He did not mind death in the least. He said that to him it was just like going into another room. On the day of his death he composed songs to his Maker and sang them for his wife to hear. Just before he died his countenance became fair, his eyes brightened and he burst into singing of the things he saw in heaven.
“The death of a saint!” said a poor charwoman who had come in to help Mrs. Blake.
Yet this was the man who said most of us mix up God and Satan. He said that what most people think is God is merely prudence, and the restrainer and inhibitor of energy, which results in fear and passivity and “imaginative dearth.”
And what we so often call “reason” and think is so fine is not intelligence or understanding at all, but just this: it is arguing from our memory and the sensations of our body and from the warnings of other people that if we do such and such a thing we will be uncomfortable. “It won’t pay.” “People will think it is silly.” “No one else does it.” “It is immoral.”
But the only way you can grow in understanding and discover whether a thing is good or bad, Blake says, is to do it. “Sooner strangle an infant in its cradle than nurse unacted desires.”
For this “Reason,” as Blake calls it (which is really just caution), continually nips and punctures and shrivels the imagination and the ardor and the freedom and the passionate enthusiasm welling up in us. It is Satan, Blake said. It is the only enemy of God. “For nothing is pleasing to God except the invention of beautiful and exalted things.” And when a prominent citizen of his time, a logical, opining, erudite, measured, rationalistic Know-it-all, warned people against “mere enthusiasm,” Blake wrote furiously (he was a tender-hearted, violent, and fierce red-haired man): “Mere Enthusiasm is the All in All!”
I tell you all this because I hope to prove to you the importance of your working at writing,[1] at some creative thing that you care about. Because only if I can make you feel that, will you do it and persist in it. And not only for the next few weeks! I want you to do it for years to come, all your life!
We have come to think that duty should come first. I disagree. Duty should be a by-product. Writing, the creative effort, the use of the imagination, should come first—at least for some part of every day of your life. It is a wonderful blessing if you will use it. You will become happier, more enlightened, alive, impassioned, lighthearted, and generous to everybody else. Even your health will improve. Colds will disappear and all the other ailments of discouragement and boredom.
I know a very great woman who makes her living by teaching violin lessons in the daytime. (Her name is Francesca and I may have to speak of her later.) Then from midnight until five o’clock in the morning, she is happy because she can work on her book.

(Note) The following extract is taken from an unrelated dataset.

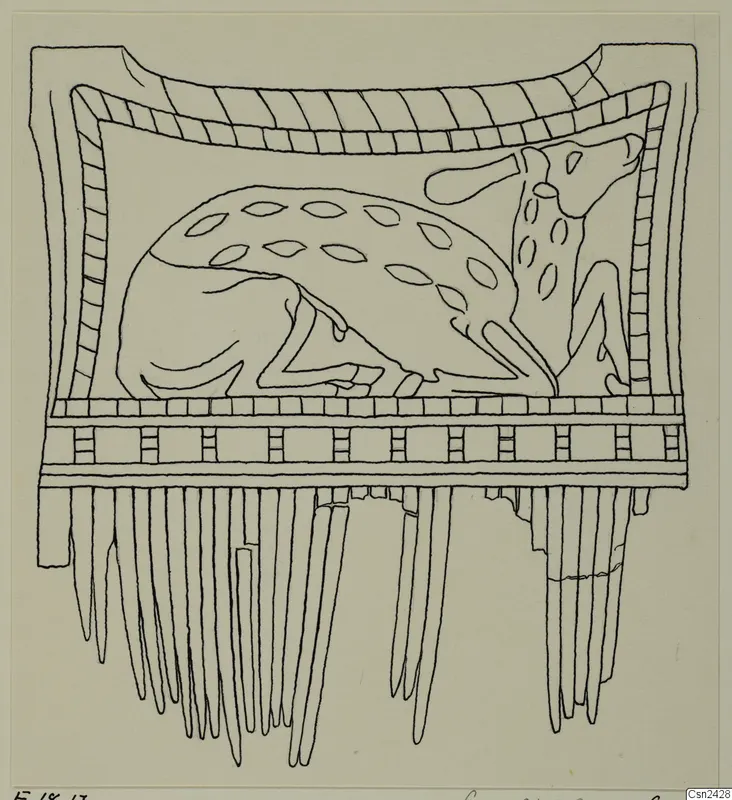 Line drawing of a carved bone object from Enkomi, with two animals in a panel above a row of long pendant prongs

This is her daily routine. The book is her life work. She has been working at it for thirty years. In it she hopes to explain to people how they can learn to play the violin beautifully in two years instead of ten, and she wants them to know this because playing great music will do so much for them (all).
One day she came to me and had a very bad cold. “Oh, lie down quick!” I exclaimed, “and I will get you some hot lemonade and put a shawl over yourself.”

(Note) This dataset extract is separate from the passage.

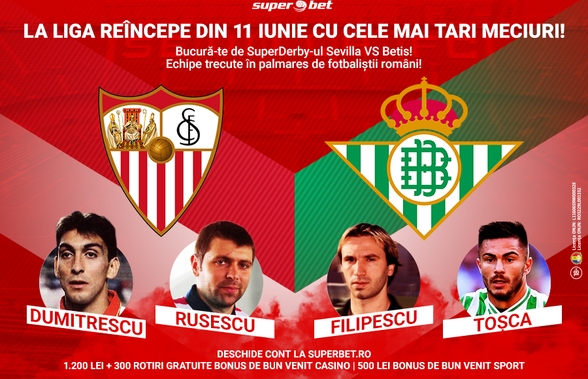 La Liga revine în oferta Superbet! Sărbătorește cu un bilet pe SuperDerby-ul Sevilla-Betis!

She opened her eyes wide at me, and said almost with horror in her voice:
“Oh, that is no way to treat a cold! … No, I slumped a little yesterday and so I caught it. But I worked all night and it is much, much better now.”
Now, you see, I have established a reason for your working at writing, not in a trifling, weak way, but with affection and endurance. In other words, I want to make you feel that there is a great intrinsic reward to writing. Unless you feel that, you will soon give it up. You won’t last very long at it. A few rejection slips will flatten you out. A few years of not making a cent out of it will make you give it up and feel bitterly that it was a waste of time.
I want to assure you with all earnestness that no writing is a waste of time—no creative work where the feelings, the imagination, the intelligence must work. With every sentence you write, you have learned something. It has done you good. It has stretched your understanding. I know that. Even if I knew for certain that I would never have anything published again, and would never make another cent from it, I would still keep on writing.

CHAPTER III

Why a Renaissance Nobleman Wrote Sonnets

NOW PERHAPS THE THOUGHTS, “THERE IS NO MONEY IN it,” and “It may never be published,” you find dry up all the springs of energy in you, so that you can’t drag yourself to a piece of paper.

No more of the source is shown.